Follow up - I did buy the Day to Day and we used it yesterday. I didn't like the coconut chemical smell of the shampoo, but since shampoo should be well rinsed out we went ahead and used it, followed with the conditioner which has a very mild smell.

Worked perfectly - the coconut chemical smell didn't linger and the conditioner is so mild that you don't smell anything except clean - which is a good thing. 

I do think that when the shampoo runs out I won't buy it again - but the conditioner I would. 

For someone who loves the smell of coconut - they would love the shampoo and probably wouldn't find the scent overpowering at all.


----------



## Viking Queen (Nov 12, 2014)

Next time try Natures Specialties Almond Crisp shampoo. None of their products are heavily scented.....I hate that too and some fragrances give me headaches.
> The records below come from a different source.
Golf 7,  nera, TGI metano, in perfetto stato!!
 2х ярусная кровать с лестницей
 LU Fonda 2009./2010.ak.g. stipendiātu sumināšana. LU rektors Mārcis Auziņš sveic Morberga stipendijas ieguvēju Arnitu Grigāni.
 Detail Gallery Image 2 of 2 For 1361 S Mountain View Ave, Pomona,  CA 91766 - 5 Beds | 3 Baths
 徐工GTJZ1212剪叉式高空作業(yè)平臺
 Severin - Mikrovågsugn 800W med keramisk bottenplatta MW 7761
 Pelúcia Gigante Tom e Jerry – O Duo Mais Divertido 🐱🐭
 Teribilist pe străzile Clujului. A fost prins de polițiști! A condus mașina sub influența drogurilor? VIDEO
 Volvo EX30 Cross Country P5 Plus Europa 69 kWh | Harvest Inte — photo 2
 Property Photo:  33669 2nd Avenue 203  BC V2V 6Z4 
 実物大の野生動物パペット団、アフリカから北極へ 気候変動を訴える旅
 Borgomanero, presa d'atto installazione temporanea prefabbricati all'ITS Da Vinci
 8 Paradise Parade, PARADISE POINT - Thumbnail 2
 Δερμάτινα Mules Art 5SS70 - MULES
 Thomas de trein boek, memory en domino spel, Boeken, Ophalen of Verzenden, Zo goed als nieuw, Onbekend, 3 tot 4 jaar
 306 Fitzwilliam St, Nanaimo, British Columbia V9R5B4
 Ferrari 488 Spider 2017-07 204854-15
My groomer uses this on poodles, she uses other products from their line for other issues and coat types.

This one adds body to the coat and has a very mild Almond fragrance. 

I have used it for 25 years.

You can get it from Amazon. They have trial sizes and also, it is diluted 1 part shampoo to 32 parts water, so it goes a long way.

Another member here used it recently for his dogs, one of whom had a bad allergic reaction to a different shampoo and his dog did not have any problems with Almond Crisp. Best of luck.

Cathy and Poppy


----------